Greve de trabalhadores devido a demissões – The Portugal News

Depois de uma reunião com a direcção do Santander Totta, onde organizações dizem que o banco é “irredutível” à expulsão de 210 pessoas, os sindicatos decidiram avançar com uma greve, que vai abranger também o BCP.

No mesmo memorando, o MAES, SBN – Sindicato dos Trabalhadores do Setor Financeiro, Sindicato dos Bancos Centrais (afiliado à UGT), Synaf (afiliado à CGTP), Federação Nacional de Funcionários e Técnicos Bancários e Federação Bancária Independente (independente) referiram que “à luz de a posição que assumiram hoje A direcção do Banco Santander Totta (BST) em relação ao despedimento em massa, os seis sindicatos dos trabalhadores do banco decidiram convocar uma greve simultânea em ambos os bancos. ”

Esta paralisação depende também da solidariedade do STEC – sindicato dos trabalhadores do grupo de empresas CGD, de acordo com as estruturas sindicais.

“A partir de agora, a lei determina que as comissões trabalhistas estão legalmente habilitadas para participar da atual fase do processo, e todas as dúvidas devem ser dirigidas a elas”, diz o comunicado.

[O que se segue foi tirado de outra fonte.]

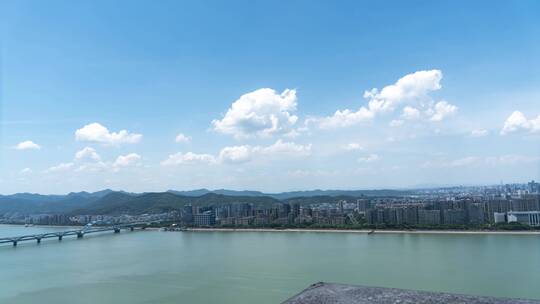 杭州西湖上空变化无穷的蓝天白云延时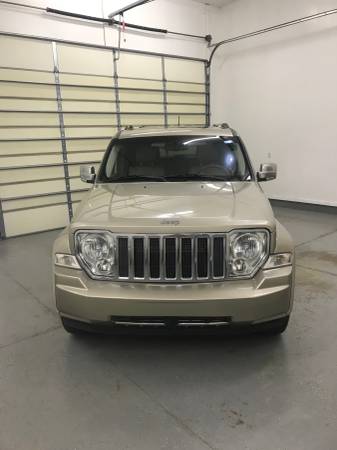 Jeep Liberty Limited 4x4 for sale in Lansing, MI – photo 3
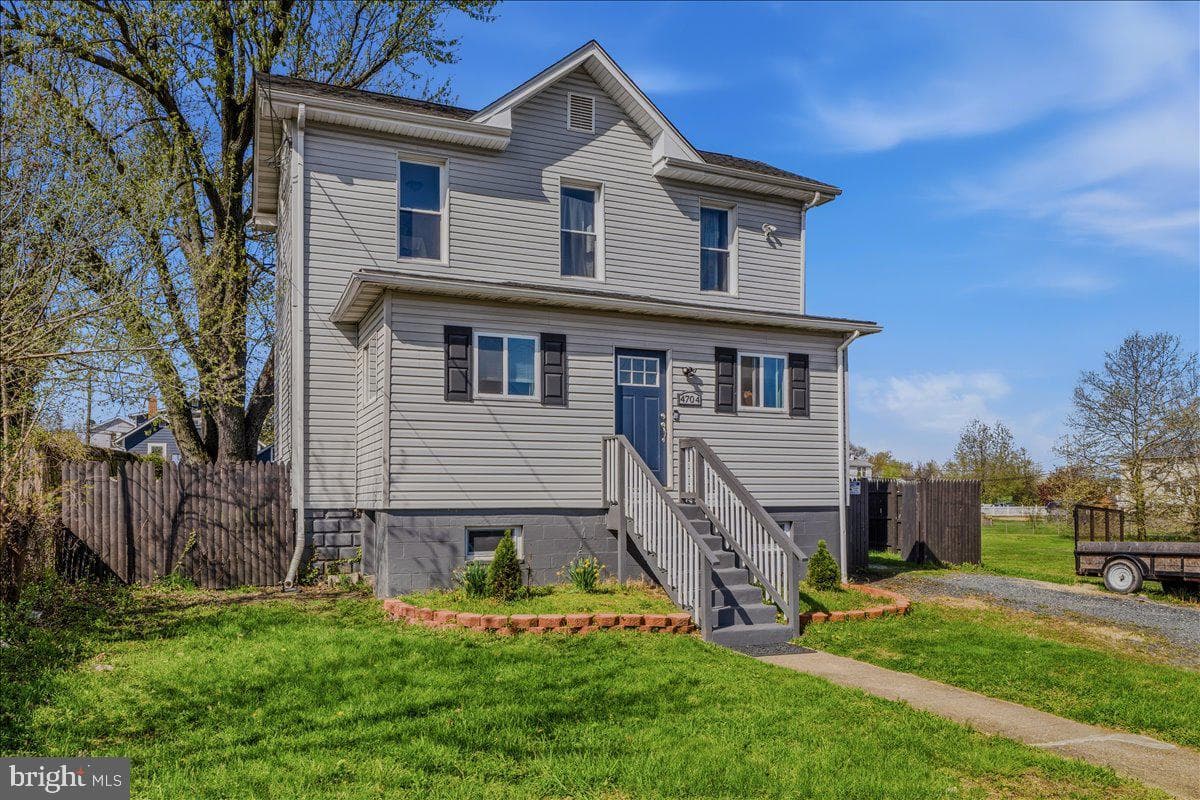 4704 Charleston, Baltimore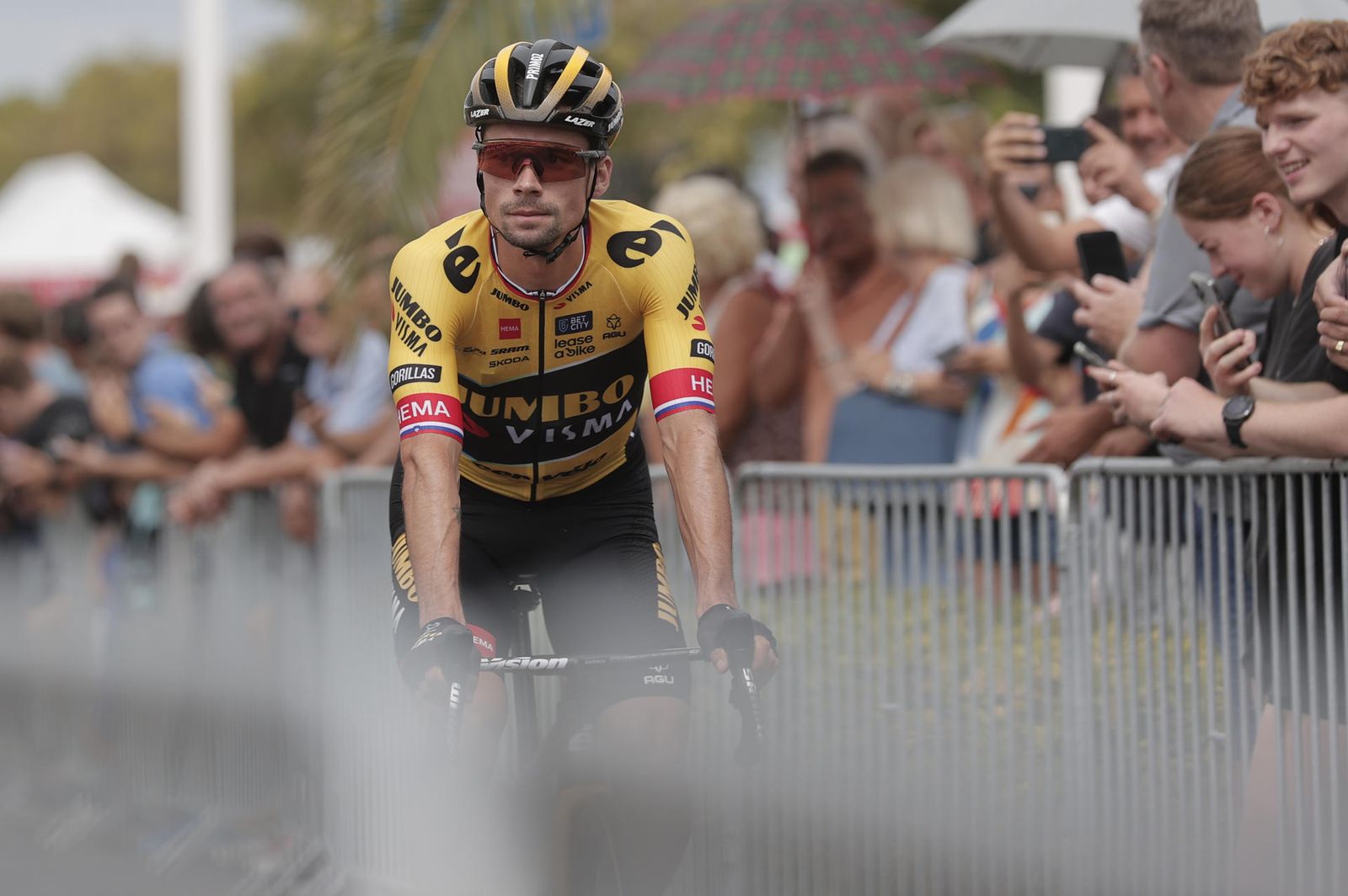 Roglic se impone en Xorret de Catí y Kuss es nuevo líder de La Vuelta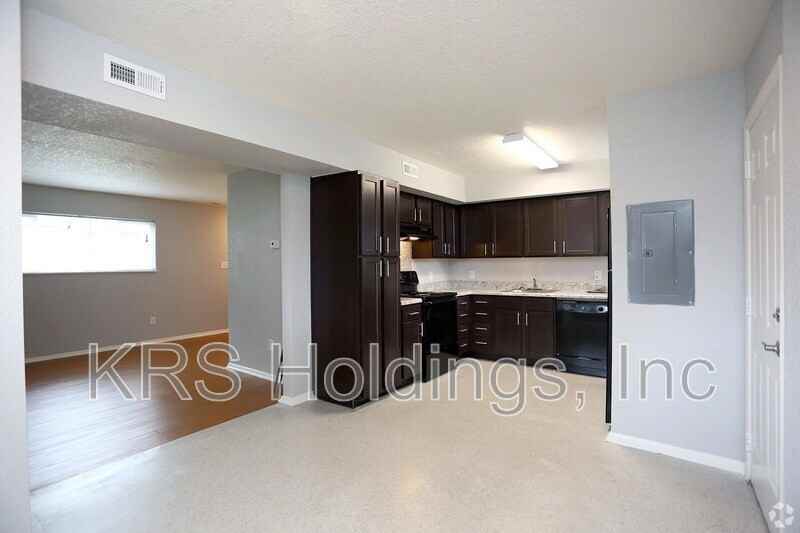 925 41st St - Photo 5 of 6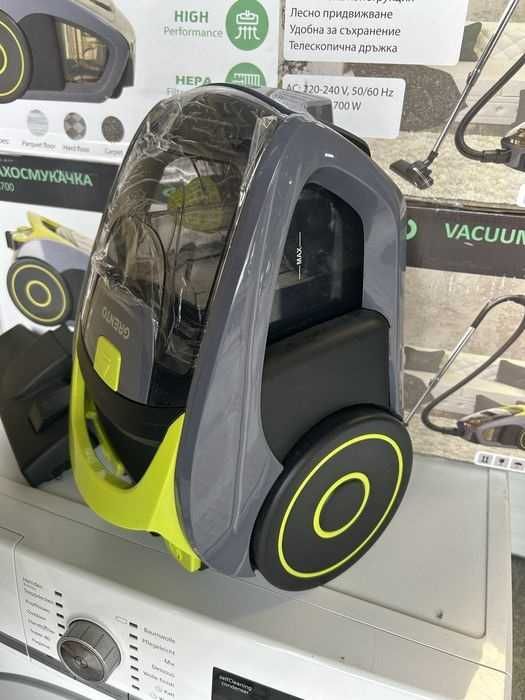 Пилосос 3900 Вт з універсальною щіткою 2 насадки пылесос контейнерный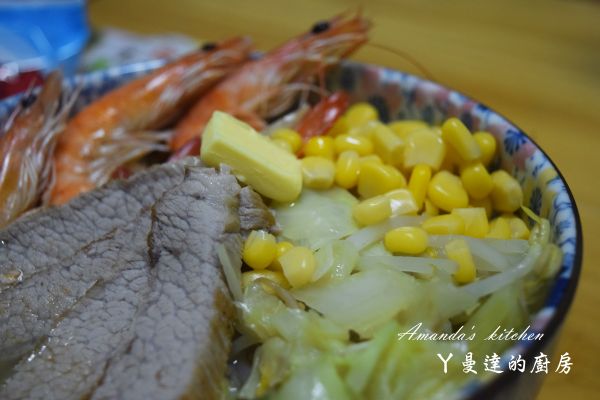 擺好盤後，加入玉米粒與奶油，上桌準備享用囉!!!!!!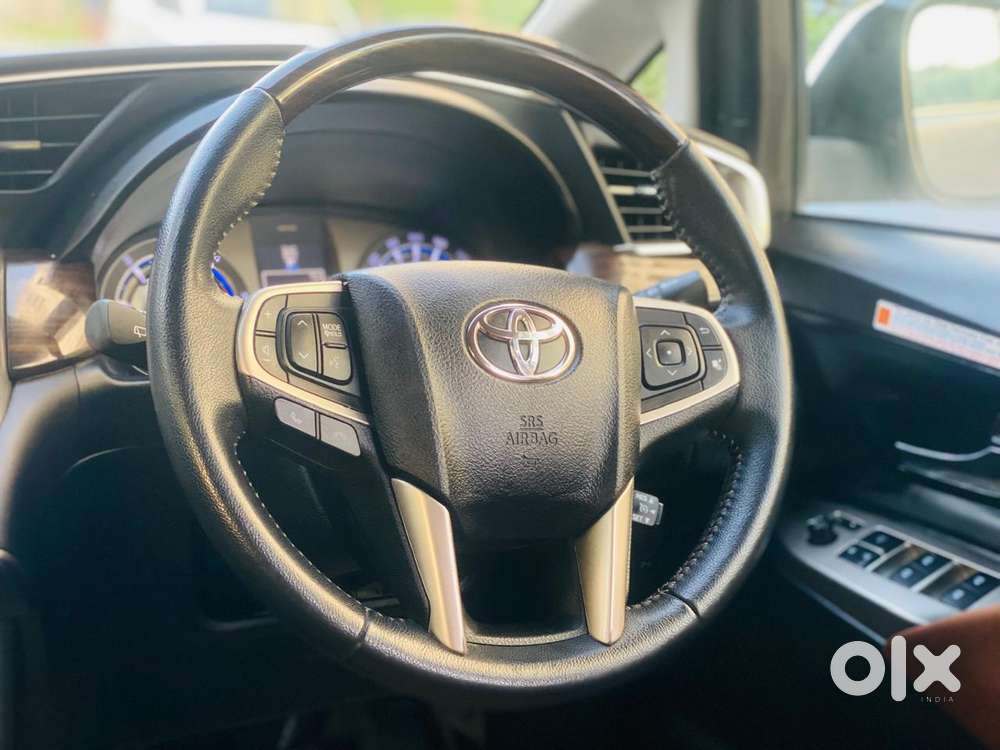 Toyota Innova Crysta Zx 2.4 Diesel 7 Seater, 2022, Diesel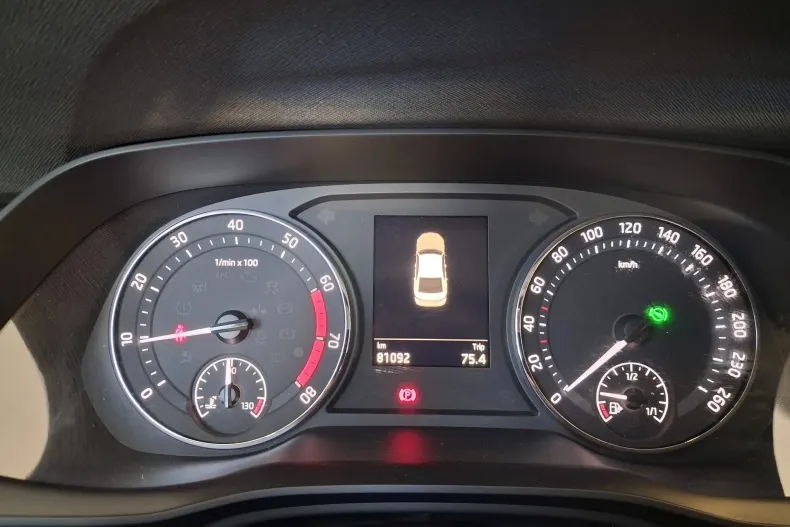 Skoda Octavia din 2021 cu 81.092 km - oferta SKO131726 - foto 6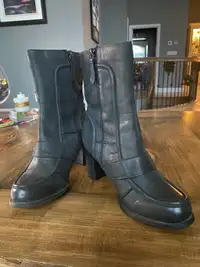 Women leather boots “Hush Puppies “size 9.5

Ressaltaram, no entanto, que “os sindicatos estão prontos para intervir, então se o processo for adiante”, acrescentaram que “os associados devem encaminhar todas as fórmulas encaminhadas à Confederação para os respectivos departamentos jurídicos, para que lhes seja apresentado o essencial elementos de conhecimento completo do processo. “

“Estes sindicatos convidam todos os trabalhadores do BST e do BCP a participarem na greve que vai realizar na respectiva empresa. Esse é um motivo que interessa a todos os banqueiros. Não afeta apenas alguns de nós. Concluíram que era hora dos bancários fazerem-se ouvir na defesa implacável de seus direitos e empregos.

O Santander Tota quer a saída de 685 trabalhadores. A fonte oficial do banco disse à Lusa na semana passada que já tinha sido acordado sair com mais de 400 trabalhadores (reforma antecipada e rescisão por mútuo acordo). Foram 230 funcionários com os quais não se chegou a acordo, pelo que poderiam ser cobertos pelo despedimento, mas o número não é definitivo porque o processo ainda não foi encerrado.

Por outro lado, o banco central chinês anunciou, na semana passada, que vai proceder ao despedimento em massa de 62 trabalhadores, de acordo com uma carta do CEO aos funcionários do banco, a que a Lusa teve acesso.

Quanto às outras saídas, o banco fechou um acordo com cerca de 700 trabalhadores para que saiam por mútuo acordo, aposentadoria antecipada e pré-aposentadoria.

Os sindicatos acusaram os bancos de supressão laboral e extorsão dos trabalhadores, argumentando que os obrigavam a sair por rescisão do contrato de trabalho (sem receber subsídio de desemprego) ou por reforma antecipada. Acrescentam que se trata de lucros elevados.

O BCP obteve um lucro de 12,3 milhões de euros no primeiro semestre (84% inferior ao de igual período de 2020) e o lucro do Santander Tota menos 81,4 milhões de euros (52,9%).